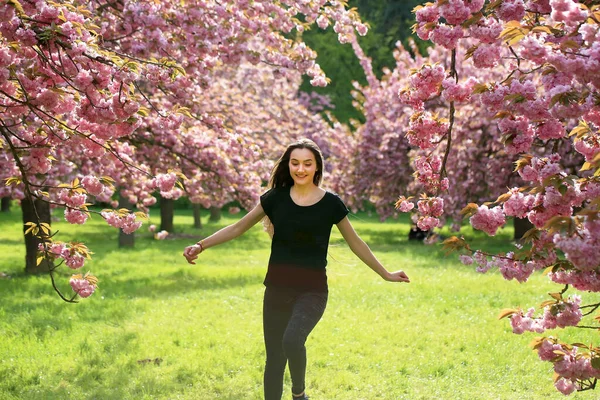 Joyeux Belle Jeune Adolescente Dans Parc Fleurs — Photo
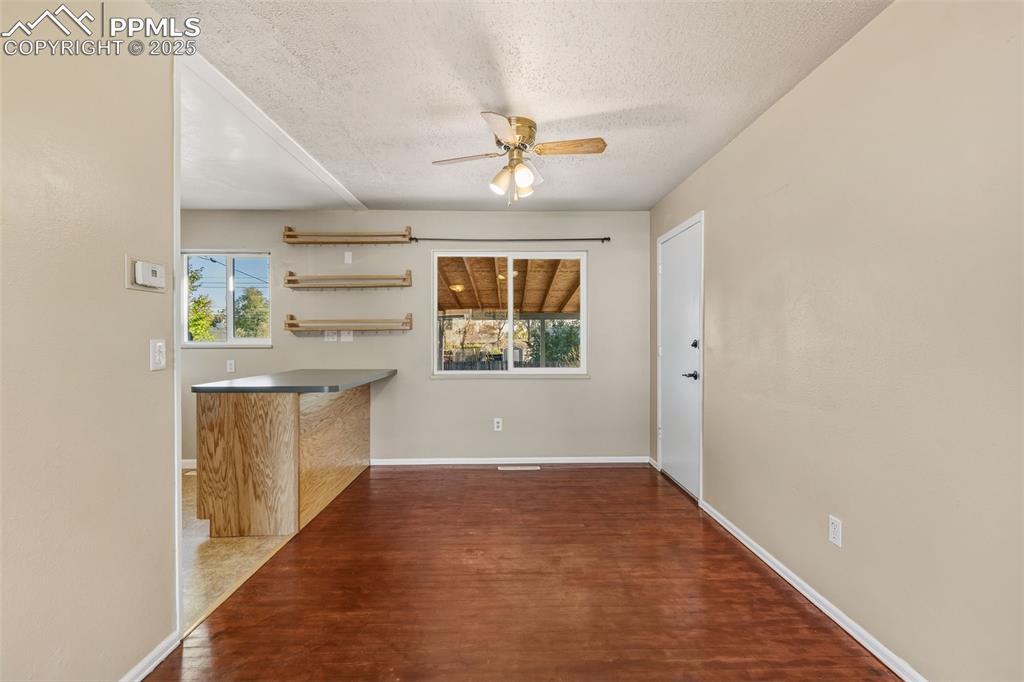 Image 9 of 25: Dining space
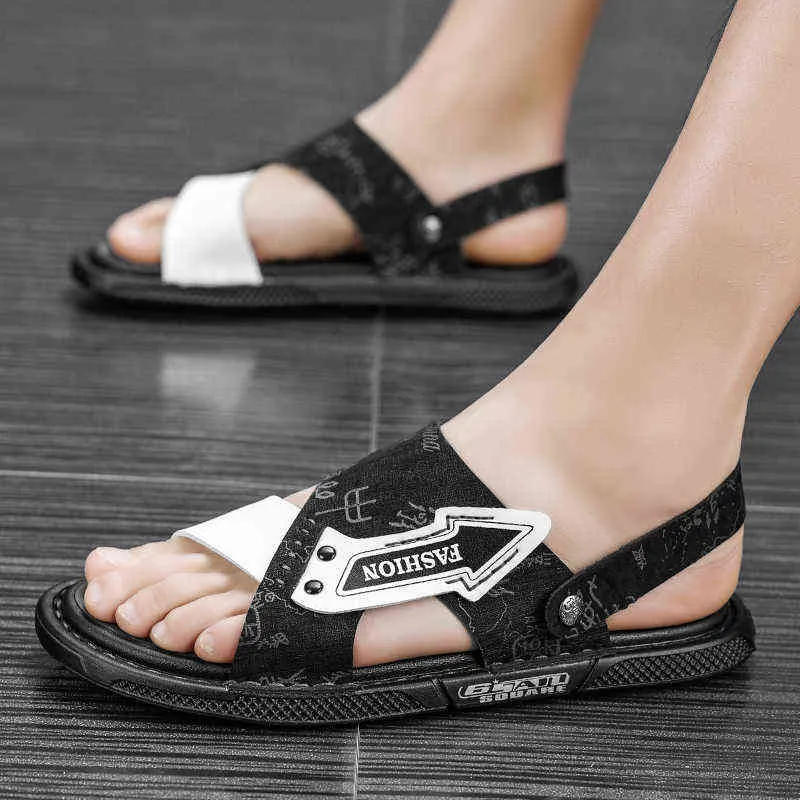 Sandali Nuovi sandali estivi pantofole da uomo alla moda scarpe da spiaggia casual di grandi dimensioni capispalla piedi resistenti al sudore e non puzzolenti 220302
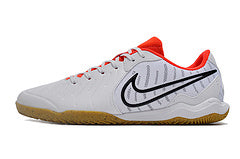 Nike Legend 10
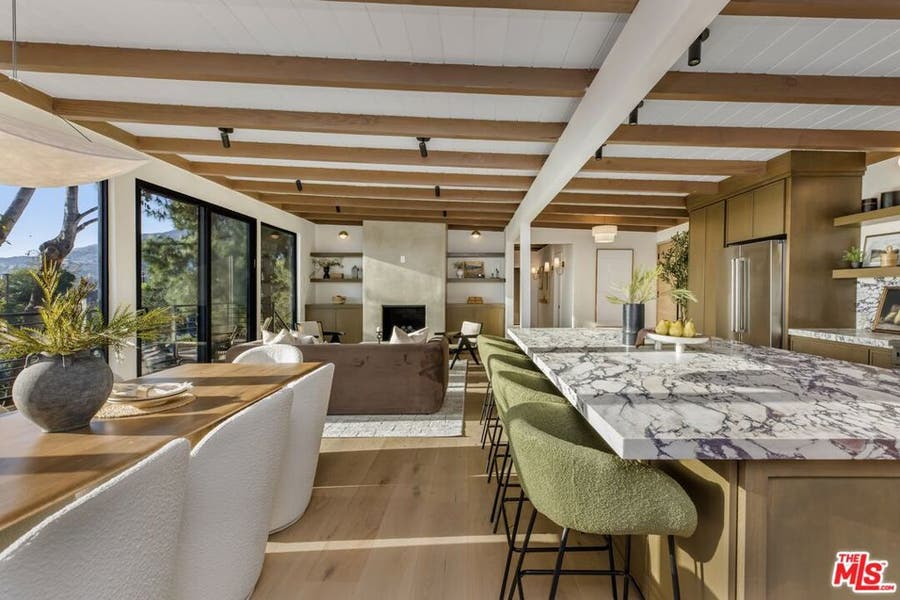 Property photo for 645 Luton Drive, Glendale, CA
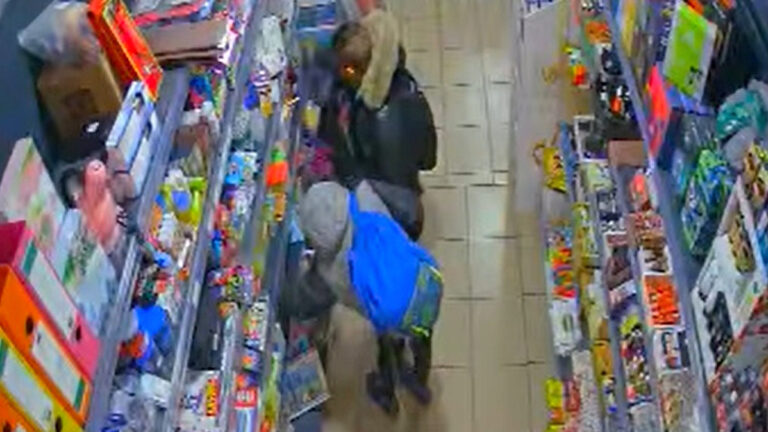 VIDEO: Copii surprinși când FURĂ la greu dintr-un magazin. Își umplu buzunarele și ghiozdanele ca profesioniștii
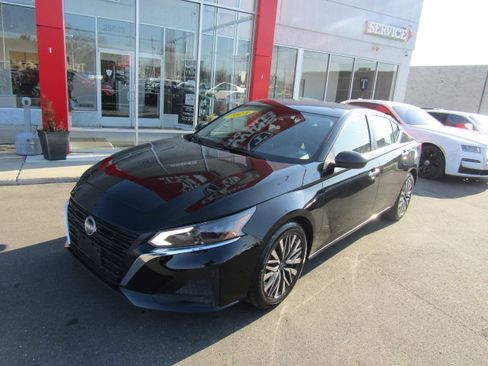 Used 2024 Nissan Altima 2.5 SV image 2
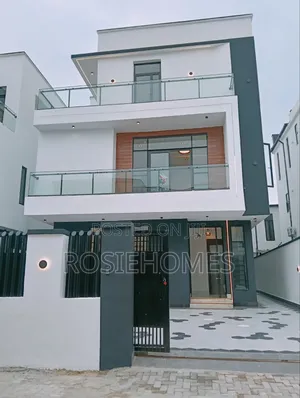 5bdrm Duplex in Deffooil Estate, Chevron for sale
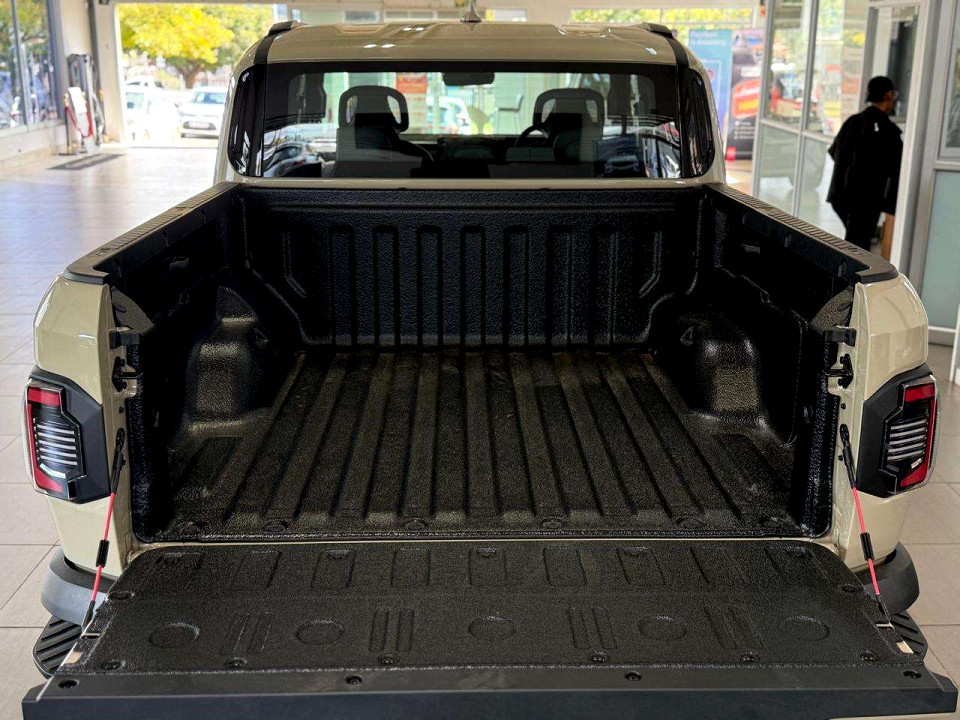 Photo 5 of 20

····················

**WHAT TO DO**
From the line containing "Nike Legend 10" through the final line of the listing, copy every line exactly and nothing else. Skip the pictures.

**ANSWER AREA**
 Nike Legend 10
 Property photo for 645 Luton Drive, Glendale, CA
 VIDEO: Copii surprinși când FURĂ la greu dintr-un magazin. Își umplu buzunarele și ghiozdanele ca profesioniștii
 Used 2024 Nissan Altima 2.5 SV image 2
 5bdrm Duplex in Deffooil Estate, Chevron for sale
 Photo 5 of 20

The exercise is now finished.